== TASK MATERIAL

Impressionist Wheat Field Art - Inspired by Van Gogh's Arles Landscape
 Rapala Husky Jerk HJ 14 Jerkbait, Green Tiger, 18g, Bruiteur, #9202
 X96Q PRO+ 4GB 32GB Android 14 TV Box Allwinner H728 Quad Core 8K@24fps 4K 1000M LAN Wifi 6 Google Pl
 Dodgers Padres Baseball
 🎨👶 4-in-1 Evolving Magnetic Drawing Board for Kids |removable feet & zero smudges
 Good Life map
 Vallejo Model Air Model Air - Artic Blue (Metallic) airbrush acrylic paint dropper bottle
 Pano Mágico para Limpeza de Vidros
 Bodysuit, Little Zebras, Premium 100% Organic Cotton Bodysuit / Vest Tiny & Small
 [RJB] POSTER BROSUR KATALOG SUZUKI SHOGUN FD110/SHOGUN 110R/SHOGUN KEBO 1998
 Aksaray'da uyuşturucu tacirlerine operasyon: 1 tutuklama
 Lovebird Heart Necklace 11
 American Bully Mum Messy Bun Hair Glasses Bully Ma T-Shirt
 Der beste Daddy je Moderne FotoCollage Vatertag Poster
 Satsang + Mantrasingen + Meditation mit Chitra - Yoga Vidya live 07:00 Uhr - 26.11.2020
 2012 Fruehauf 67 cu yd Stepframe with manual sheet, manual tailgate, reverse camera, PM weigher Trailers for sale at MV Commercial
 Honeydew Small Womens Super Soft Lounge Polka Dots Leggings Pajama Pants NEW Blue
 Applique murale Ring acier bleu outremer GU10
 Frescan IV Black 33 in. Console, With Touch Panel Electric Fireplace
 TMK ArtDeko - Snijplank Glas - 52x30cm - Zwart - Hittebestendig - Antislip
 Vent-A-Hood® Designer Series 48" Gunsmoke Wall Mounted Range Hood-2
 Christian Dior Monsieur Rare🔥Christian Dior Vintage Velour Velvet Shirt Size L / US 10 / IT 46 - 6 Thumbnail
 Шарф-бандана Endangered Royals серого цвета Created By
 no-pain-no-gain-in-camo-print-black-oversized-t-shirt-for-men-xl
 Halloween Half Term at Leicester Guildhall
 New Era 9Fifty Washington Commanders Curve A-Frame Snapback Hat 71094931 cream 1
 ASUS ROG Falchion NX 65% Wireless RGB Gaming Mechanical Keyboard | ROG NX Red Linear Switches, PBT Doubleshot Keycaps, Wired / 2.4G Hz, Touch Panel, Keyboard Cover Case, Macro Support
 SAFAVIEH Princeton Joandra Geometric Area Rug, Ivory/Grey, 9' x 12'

====

§ **INSTRUCTIONS FOR THE TASK**: All records must be repeated exactly, with none skipped.

§ **PROBLEM SOLUTION**:
Impressionist Wheat Field Art - Inspired by Van Gogh's Arles Landscape
 Rapala Husky Jerk HJ 14 Jerkbait, Green Tiger, 18g, Bruiteur, #9202
 X96Q PRO+ 4GB 32GB Android 14 TV Box Allwinner H728 Quad Core 8K@24fps 4K 1000M LAN Wifi 6 Google Pl
 Dodgers Padres Baseball
 🎨👶 4-in-1 Evolving Magnetic Drawing Board for Kids |removable feet & zero smudges
 Good Life map
 Vallejo Model Air Model Air - Artic Blue (Metallic) airbrush acrylic paint dropper bottle
 Pano Mágico para Limpeza de Vidros
 Bodysuit, Little Zebras, Premium 100% Organic Cotton Bodysuit / Vest Tiny & Small
 [RJB] POSTER BROSUR KATALOG SUZUKI SHOGUN FD110/SHOGUN 110R/SHOGUN KEBO 1998
 Aksaray'da uyuşturucu tacirlerine operasyon: 1 tutuklama
 Lovebird Heart Necklace 11
 American Bully Mum Messy Bun Hair Glasses Bully Ma T-Shirt
 Der beste Daddy je Moderne FotoCollage Vatertag Poster
 Satsang + Mantrasingen + Meditation mit Chitra - Yoga Vidya live 07:00 Uhr - 26.11.2020
 2012 Fruehauf 67 cu yd Stepframe with manual sheet, manual tailgate, reverse camera, PM weigher Trailers for sale at MV Commercial
 Honeydew Small Womens Super Soft Lounge Polka Dots Leggings Pajama Pants NEW Blue
 Applique murale Ring acier bleu outremer GU10
 Frescan IV Black 33 in. Console, With Touch Panel Electric Fireplace
 TMK ArtDeko - Snijplank Glas - 52x30cm - Zwart - Hittebestendig - Antislip
 Vent-A-Hood® Designer Series 48" Gunsmoke Wall Mounted Range Hood-2
 Christian Dior Monsieur Rare🔥Christian Dior Vintage Velour Velvet Shirt Size L / US 10 / IT 46 - 6 Thumbnail
 Шарф-бандана Endangered Royals серого цвета Created By
 no-pain-no-gain-in-camo-print-black-oversized-t-shirt-for-men-xl
 Halloween Half Term at Leicester Guildhall
 New Era 9Fifty Washington Commanders Curve A-Frame Snapback Hat 71094931 cream 1
 ASUS ROG Falchion NX 65% Wireless RGB Gaming Mechanical Keyboard | ROG NX Red Linear Switches, PBT Doubleshot Keycaps, Wired / 2.4G Hz, Touch Panel, Keyboard Cover Case, Macro Support
 SAFAVIEH Princeton Joandra Geometric Area Rug, Ivory/Grey, 9' x 12'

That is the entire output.